TAIANA. Habló sobre la filtración de documentos.

El ex canciller Jorge Taiana y el ex vicecanciller Andrés Cisneros calificaron el martes de chismes sin trascendencia y una muestra de falta de profesionalismo los presuntos cables del gobierno de Estados Unidos intercambiados con sus embajadas y que fueron difundidos por WikiLeaks.

Taiana afirmó que los cables diplomáticos que fueron revelados por el sitio de Internet son un "conjunto de presunciones" y "un chusmerío de baja estofa".

"Si esa es la base de una política no es una buena noticia para el mundo", agregó a Radio Continental Taiana, quien fue canciller durante el gobierno del fallecido ex presidente Néstor Kirchner y el de su esposa y sucesora, Cristina Fernández.

El gobierno argentino rehusó por el momento hacer comentarios sobre la difusión de los cables, algunos de los cuales son muy críticos con la mandataria.

"Infamia". Taiana, quien renunció al cargo en junio, consideró una infamia una información difundida que lo señala como autor de un atentado en julio de 1975, cuando, según aclaró, él estaba "detenido, incomunicado y torturado".

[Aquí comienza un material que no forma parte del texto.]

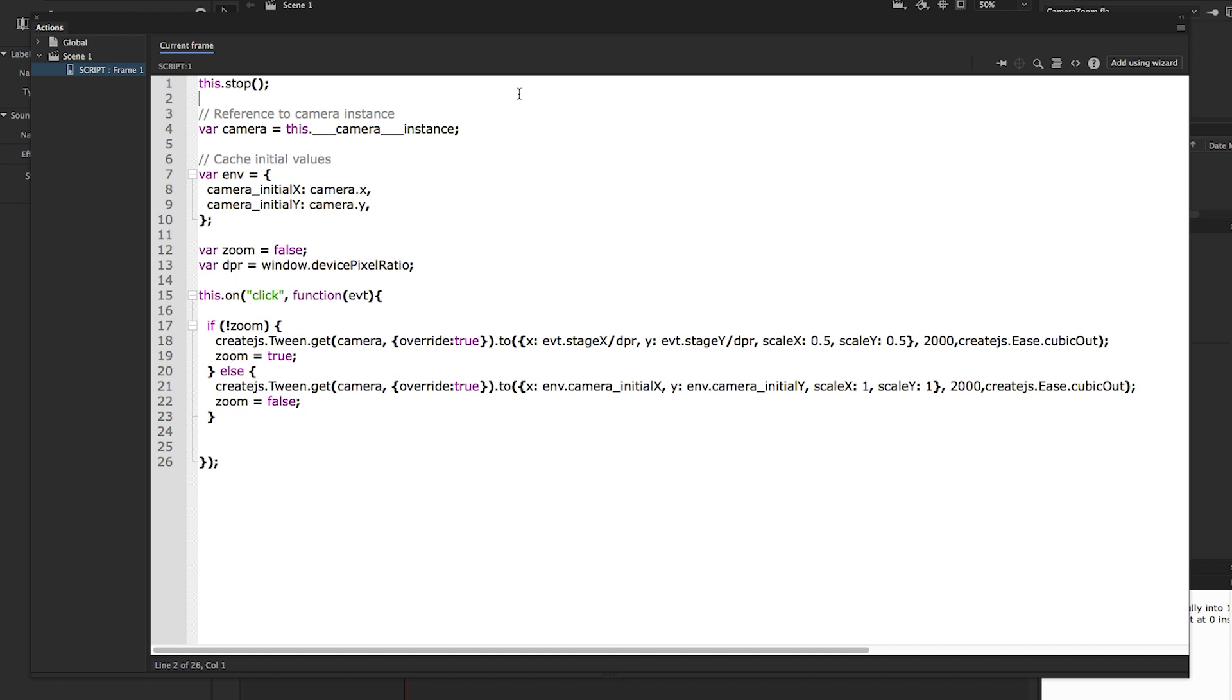First we save the reference to the camera instance in a variable and cache the initial values. We also use the window object to retrieve information about the device pixel ratio for accurate calculations later on.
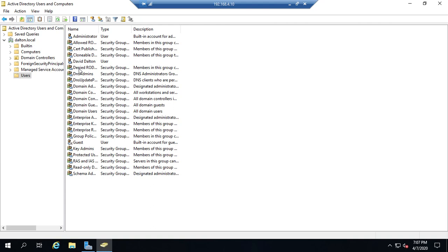Another benefit is we can apply group policies to organizational units. And so if we have users in different organizational units, we can give them different permissions, different rights, different configurations. If we just have them all put together in the Users folder, we can't actually do that because you actually can't apply group policies to this default Users folder.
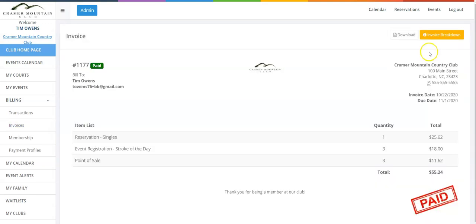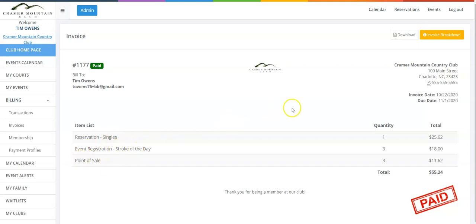If I click on details of a particular invoice, I can see my item list here — a reservation for singles, an event of the day, and then point of sale.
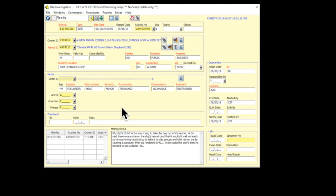That'll bring up a window that looks like this, and that's the bite record. To the extent that we have any information on that bite, you'll find it down here in the Memos section.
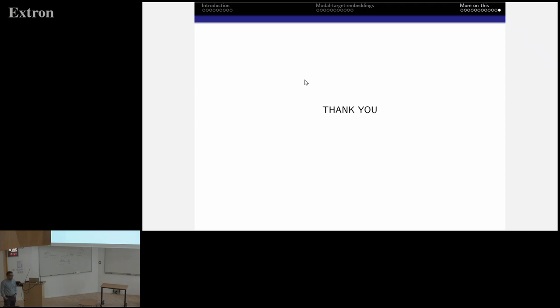Any other questions? Let's thank our speaker again. Thank you.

En tanto, el ex vicecanciller Andrés Cisneros, quien se desempeñó en ese cargo durante el gobierno del presidente Carlos Menem (1989-1999), consideró un agravio el intento estadounidense de averiguar detalles sobre la salud mental de la Presidenta. Pero restó importancia al material que fue difundido sobre Argentina y otros países.

"Son chismes de familia y cosas de poca monta", afirmó Cisneros, para quien el Departamento de Estado tendría que haberse "preocupado por saber si Argentina y Brasil van a fabricar armas atómicas alguna vez o no, y no por las preguntas tontas que hacen".

Datos. Según varios documentos filtrados por WikiLeaks, el Departamento de Estado solicitó a su embajada en Buenos Aires datos sobre la personalidad de Fernández para conocer su estado mental.

Los diplomáticos estadounidenses consideraron a la presidenta "extremadamente susceptible e intolerante" a las críticas y acusaron a los Kirchner de ser ineptos en política exterior y economía.